View Demo: English Tutor demo
Brief
I've been experimenting with LLMs lately - finding them to be really fascinating! I gave a talk in July 2024 to BrisPHP developers about LLMs and how they can be used in application development.
What I wanted to experiment with here was using an LLM in a mechanism that is neither a chat interface, nor a basic summarisation task, as we've seen enough of those already.
What I wanted to test the waters on was having the LLM "augment" the UI.
The idea
The idea was to have a reference text (i.e. a few sentences) that the user can ask questions about. Instead of "the system" simply answering the question in a chat thread, "the system" can also highlight parts of the reference text if it thinks it would help communicate.
The build (webapp bits)
This was built on Cloudfront Pages/Page Functions, with a React frontend. The Page Functions invoke Langchain.js callables which are instrumented with Langsmith.
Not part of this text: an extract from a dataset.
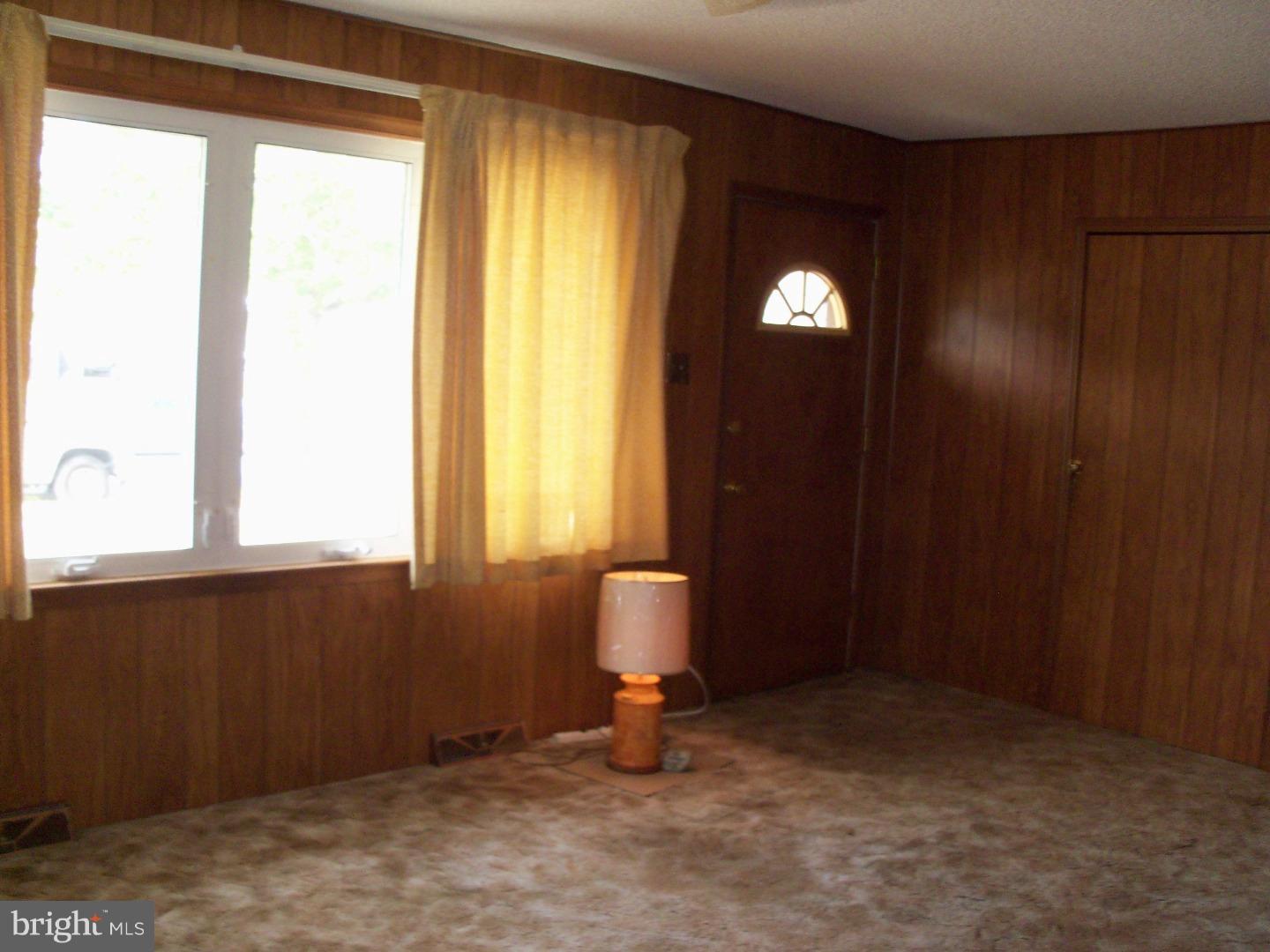 611 Cornwall Road Sewell, NJ 08080 - Photo 2 of 15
The trickiest bit for me was determining the best way to have the LLM "augment" the UI. I first tried getting the LLM to respond like below:
{
"response": "Lily found a <Highlight>shiny</Highlight> <Highlight>red</Highlight> key under a <Highlight>big</Highlight> oak tree."
}
My thinking here was I have a <Highlight>
React component to handle the highlighting and it should be reasonable to
parse the response and render the highlights. The code I ended up with to parse the response was a bit gnarly and didn't
spark joy.
I then refactored to something more like below, which was felt a lot simpler to implement the React side of things, but required more nudging on the LLM side.
{
"response": [
"Lily found a ",
{
"type": "highlight",
"content": "shiny"
},
" ",
{
"type": "highlight",
"content": "red"
},
" key under a ",
{
"type": "highlight",
"content": "big"
},
" oak tree."
]
}
The LLM bits
I first started trying to get the LLM (OpenAI, various models) to answer all in one go, respond with both the text answer, and the augmented text response as well. What I found was that the LLM struggled with answering the question generally (following the instructions about how to answer) when it was also tasked with generating a structured output for the UI.
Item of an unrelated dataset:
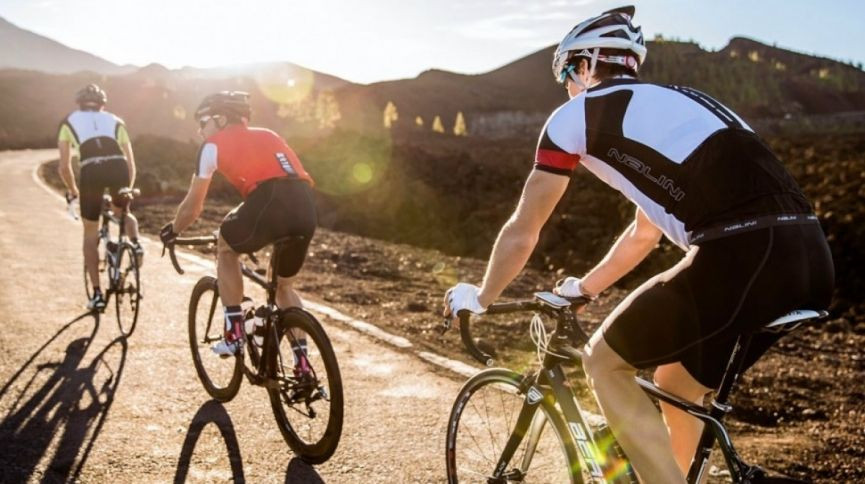 And finally: Carl Zeiss is building smartglasses you'll want to wear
As with many things with LLMs, I found that breaking the problem down into smaller, more manageable pieces was the way to go. I ended up with a chain of Langchain callables:
- Answer the question (without knowing about the UI)
- Plan how the UI should be augmented
- Generate the response data following the annotation plan
Model selection
There was enough signs that I could get gpt-4o-mini
to work for this task, but I ended up just using
gpt-4o-2024-08-06
as it was more correct with less prompting work. I setup a simple Langsmith experiment (with only
a few examples) to evaluate the two models.
If I were to continue with this, I would likely setup some more benchmarks in a Langsmith experiment (not sure how evals would work here)
to work on prompting to get gpt-4o-mini
to work better at a lower cost.
My gut is that few-shotting a few examples would quickly nudge the model in the right direction.